Although commentators on the housing market continue to report good levels of growth, factors such as the unexpected dip in consumer spending in September, rising unemployment levels (even though numbers in the workforce actually increased), steady inflation (at 2.4% albeit still significantly higher than the Government’s target of 2%) and the pound at a 14 year high against the US dollar, are all thought to have influenced the MPC’s December decision. Economic analysts are not in agreement as to whether a further Base Rate rise will be required in early 2007 so it appears too early to make a solid prediction on what the MPC will do next.
With regard to rates of annual growth in the UK housing market, Halifax and Nationwide are currently in broad agreement.

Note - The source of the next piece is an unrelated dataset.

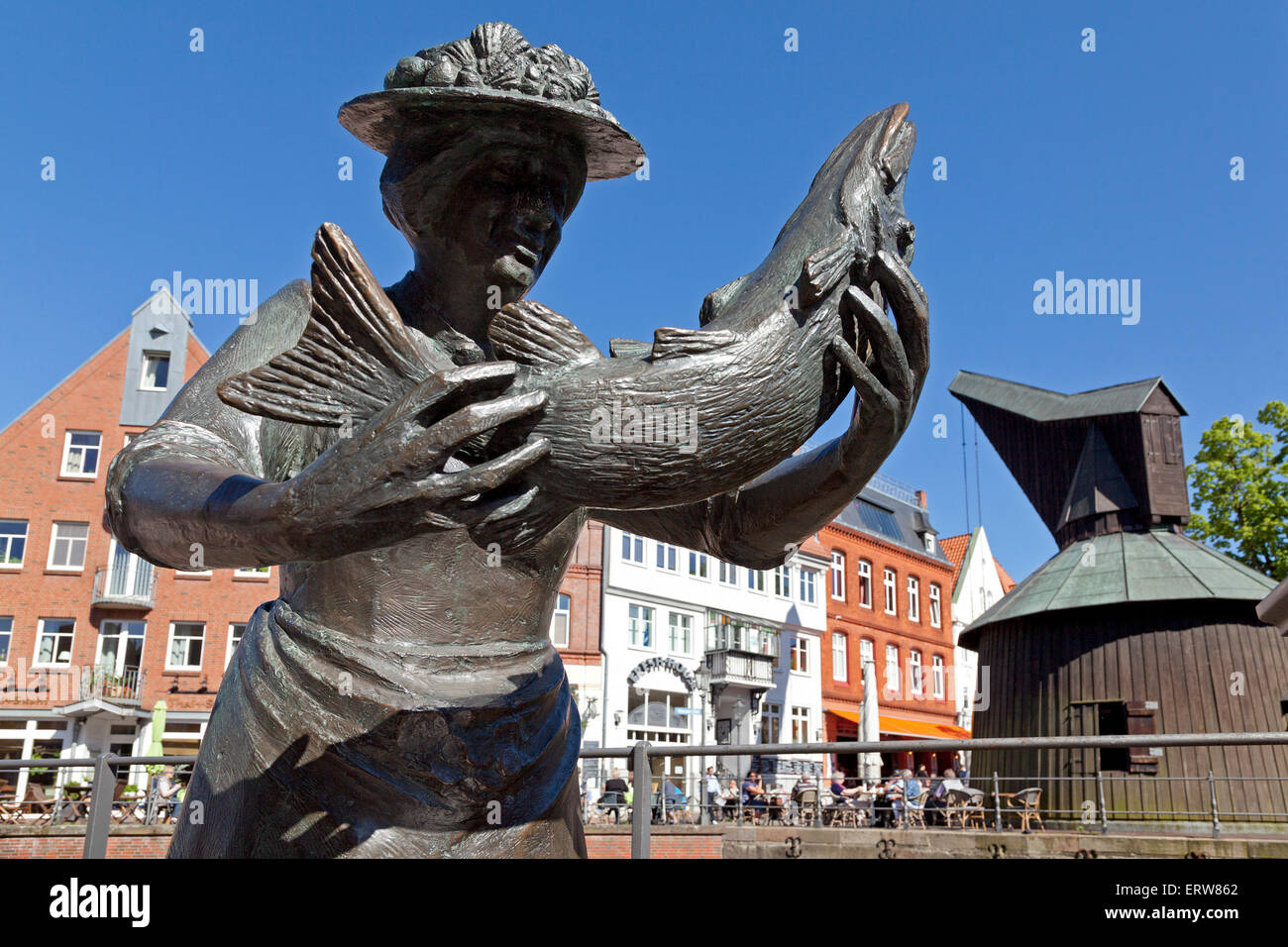 Statua di un pesce monger, vecchia gru, Porto Vecchio, Stade, Bassa Sassonia, Germania Foto Stock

For the 12 months to the end of September 2006, Nationwide reported annual growth of 8.2% (up from 6.6% in August) while Halifax reported annual growth of 8.0% (down from 8.2% in August).
The August 2006 RICS Housing Market Survey reported that house prices were continuing to climb despite the recent rise in the Bank of England Base Rate. Buyer enquiry levels are said to have increased at their highest pace since September 2003. Scotland, London and the South East were said to be highlighted as the best performing regions.

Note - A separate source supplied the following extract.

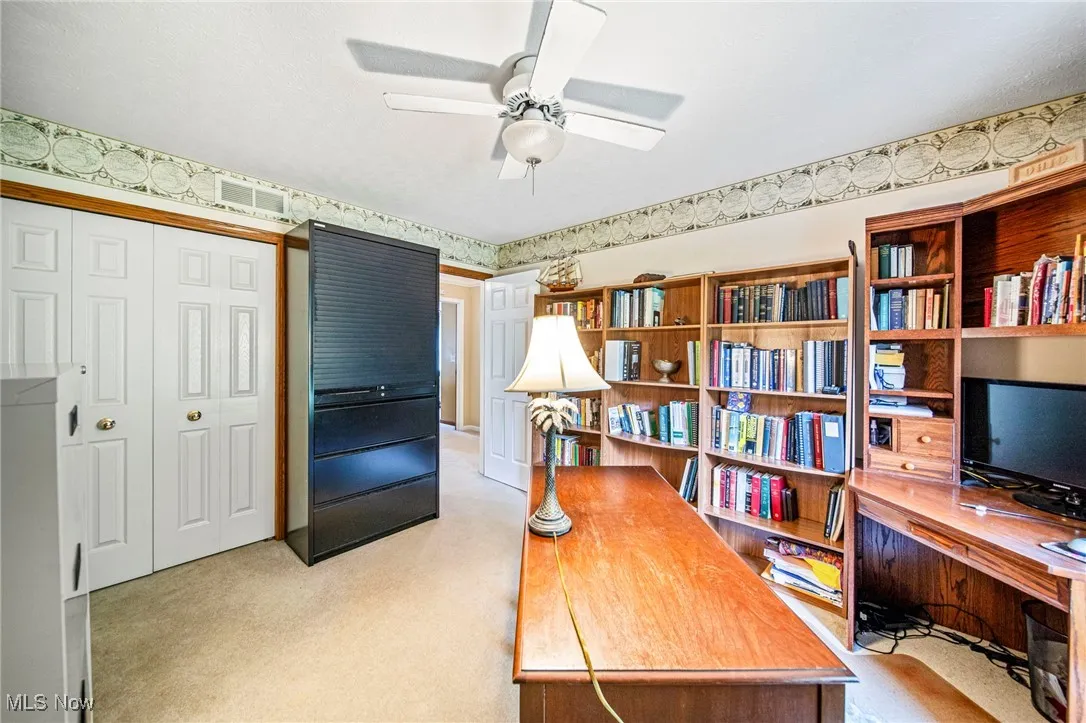 Bedroom/office second floor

Generally, the UK housing market continues to display property sector and regional differences with evidence of a widening North / South split. While London and the South East are still benefiting from the good levels of growth experienced in the first half of the year, other regions continue to show nominal growth only.
The RICS residential lettings survey for May to July 2006 signalled that the rental market has consolidated its recent improvement and looks set to improve further in the coming months. Rents are reported to have risen at their highest rate in five years as tenant demand for rental properties increases. Although investor interest in the buy-to-let sector has again grown (shown by a rise in new lettings instructions), the rise is less marked than was the case in spring 2006. Therefore, with substantial tenant interest, demand continues to outstrip supply. Gross yields are said to remain unchanged, suggesting that rent rises and house price growth are keeping pace with each other.

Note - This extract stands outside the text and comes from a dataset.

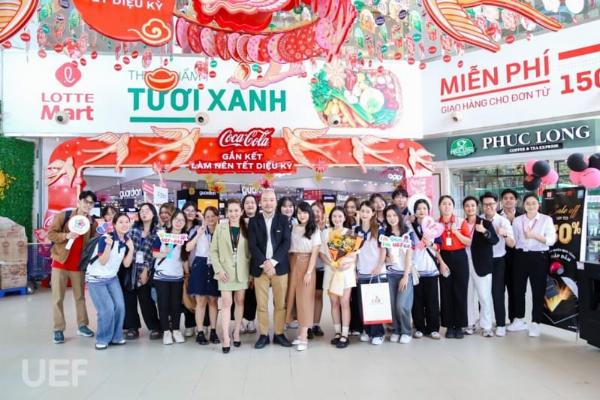 Bí quyết ứng tuyển thành công vào Lotte Mart Quận 11 với hình ảnh ứng viên tự tin và hồ sơ chuyên nghiệp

New build apartments in many urban areas have, for at least the last three years, been the domain of the off-plan investor and speculator. The supply of apartments has been driven by the availability of off-plan purchasers and we have therefore seen a self-fulfilling circle of demand stimulating supply and then supply satisfying demand. In 2006. This has led to price cutting in a good number of locations. Owner–occupiers have generally not come forward to soak up excess supply because they have been deterred by factors such as space standards, parking availability and poor property management, not just affordability.